サッカー日本代表PRESSBACK NUMBER
長友佑都、台頭する若手への助言。
「とにかくビッグクラブに行けと」
text by
寺野典子Noriko Terano
photograph byTakuya Sugiyama
posted2018/10/21 11:00
堂安律(右)らのゴールラッシュに喜びをともにした長友佑都。30代ながらいまだ若々しい。
中島、堂安、南野の台頭。
彼が主戦場にする欧州に比べると、日本はサッカー熱の上がり下がりが激しい。長い代表キャリアのなかで、熱しやすくて冷めやすい「世間」の空気を味わってきた。
大会前の世間からの冷ややかな声を吹き飛ばしたW杯ロシア大会。しかし、歴史は変えられずに終わった。「サムライブルーの善戦」を称えた声は、あっという間に次の話題にすり替わった。それは別に今大会に限った話ではない。長友自身、何度も経験してきた“風向き”だ。

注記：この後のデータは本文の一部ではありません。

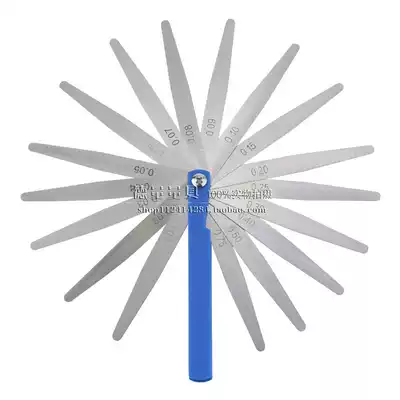 High-precision clearance measurement feeler gauge 0 02-1 0mm plug gauge valve clearance ruler thickness gauge single piece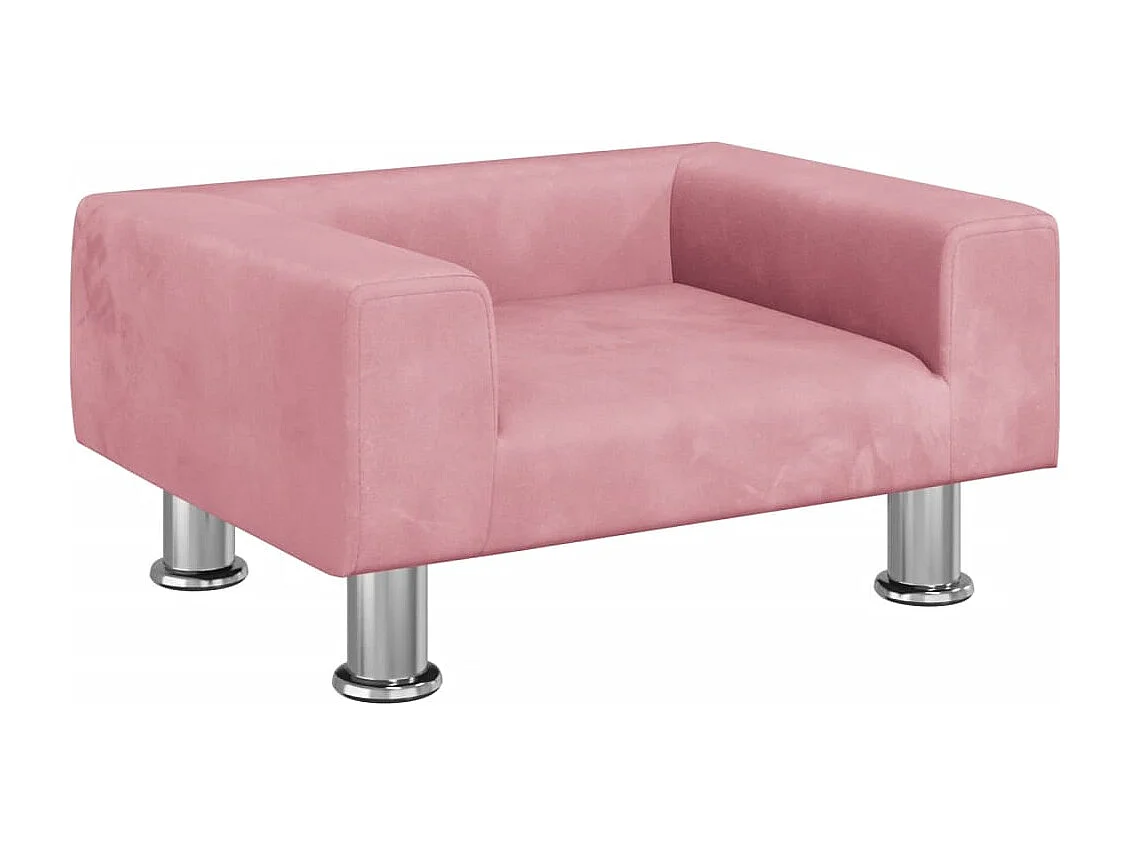 East Providence  Lit pour cen rose 50x40x26,5 cm velours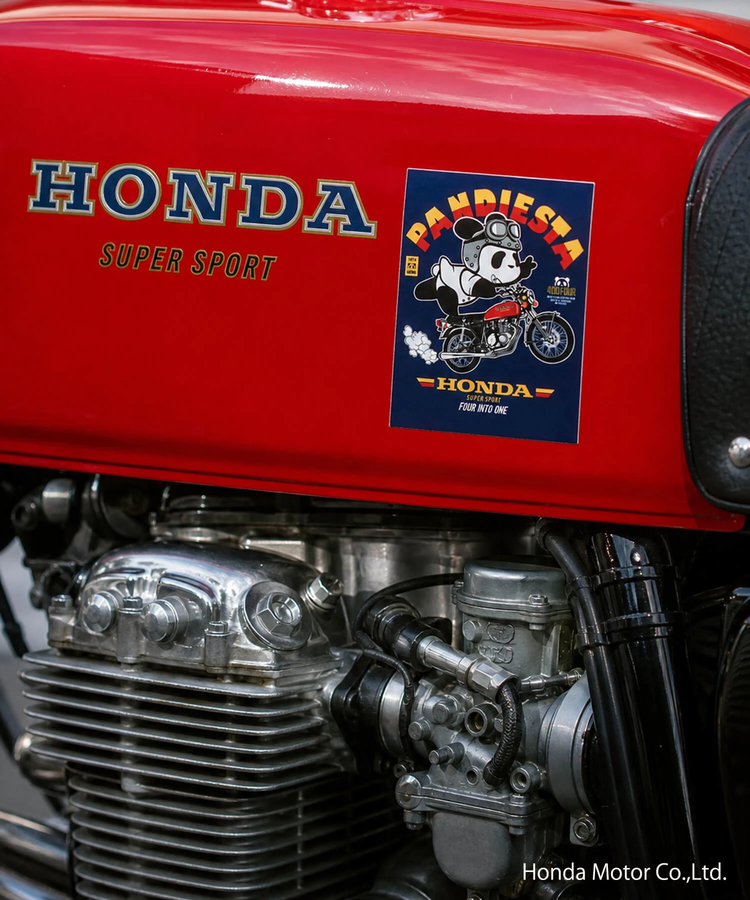 PANDIESTA(パンディエスタ) |SB Honda Pandiesta ダイカットビニール ステッカー 二輪Ver.(526514）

だからこそ、中島がドリブルで相手を翻弄し、堂安律が軽やかなステップを踏み、南野拓実が鋭い反応を見せる。そのたびに大観衆の興奮がどんどん高まり、発散される「熱」が、単純にうれしく、楽しかったのだろう。
「上手いし速いし、もっと日本代表は面白くなる。メンバーに選ばれていなくても見に来たいと思うくらいです(笑)。若い選手がこれだけの勢いでやってくれていると、サッカー熱もまた盛り上がっていくと感じます。そういうところも嬉しいですね。

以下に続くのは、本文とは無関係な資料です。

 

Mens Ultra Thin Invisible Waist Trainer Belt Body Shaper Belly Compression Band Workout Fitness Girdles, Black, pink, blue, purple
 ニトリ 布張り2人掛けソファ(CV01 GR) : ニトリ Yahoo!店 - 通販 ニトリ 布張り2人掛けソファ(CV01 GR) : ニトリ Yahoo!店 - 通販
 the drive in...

ひとりの選手としてだけでなく、たとえば、代表監督、サッカー協会会長、ファンの方々の目線を持って、今後の日本代表を見たいという気持ちが、今の僕にはあります。そういうふうに客観的な目で日本代表を見ることができれば、プレーや後輩たちとの接し方も変わってくると思うんです」
俺は身体を張れないと……。
長谷部誠という長く日本代表のオピニオンリーダーを務めた選手が、代表引退を表明した。新しい日本代表で、長友自身が担うべき責任や仕事の質や量も変わっていく。そんな立場の変化を自覚しているからこその想いだった。

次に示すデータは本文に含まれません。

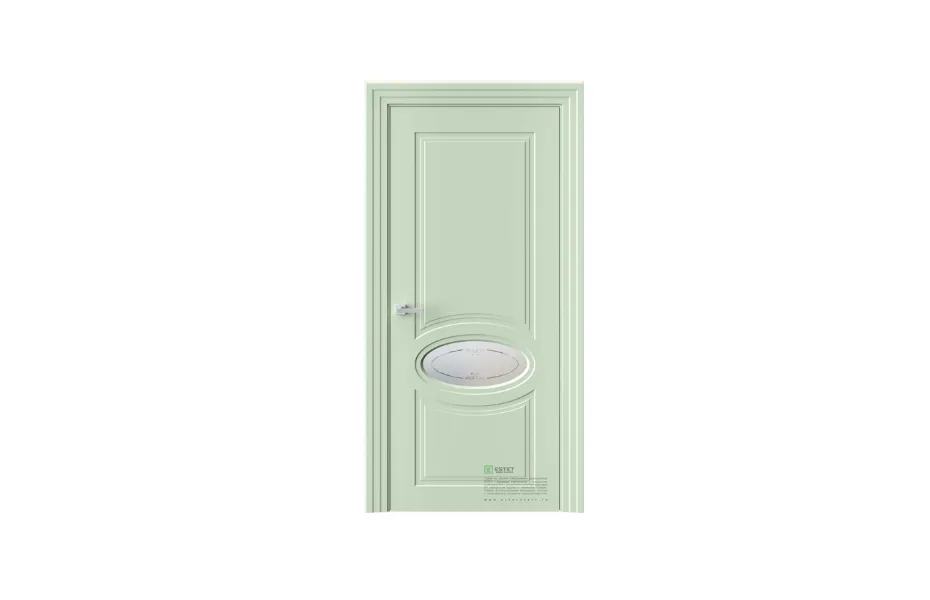 Межкомнатная дверь Novella N38 RAL6019 стекло 7 ДВЕРЕЙ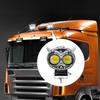 Motorcycle LED Fog Light IP67 Waterproof Motorcycle Fog Lights Owl Spotlight 6000LM Motorcycle Fog Lights High And Low Beam
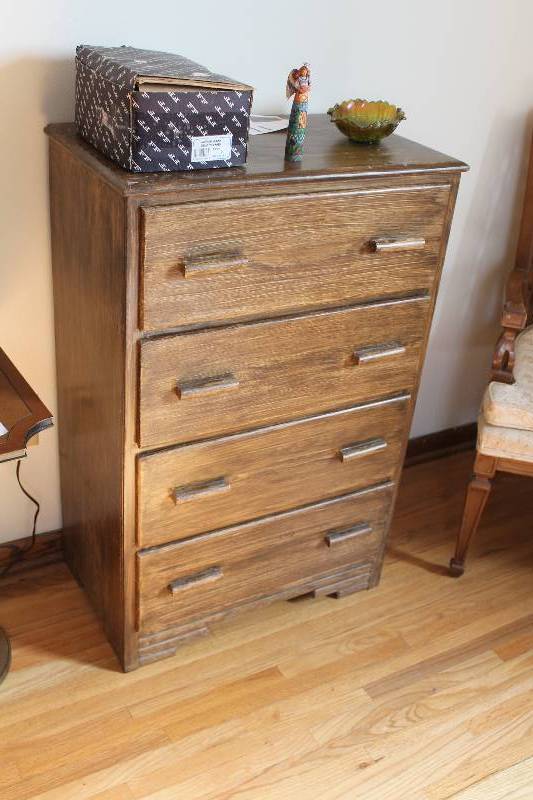 4-Drawer Wood Dresser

「この巧さと技術を持つ若い選手を見ていると、俺は身体を張れないと代表には残れない、次は呼ばれないなと思って、熱いプレーをしました。危機感だらけです。
クラブで試合に出られない、少しでもパフォーマンスが悪くなれば、『長友さよなら』ってなりますから。そうならないようにやっていきたい。なんか久しぶりに若いときのギラギラ感を味わっているというか、若い彼らからそういう熱を与えてもらっています」
いち選手としては、競争の真っ只中で、気を許すこともできない。
「1対1や空中戦などでは、以前よりも伸びている。経験を活かした駆け引きもできるようになったし、このままレベルアップして、新しい長友佑都を見せられるように頑張りたい」と胸を張った。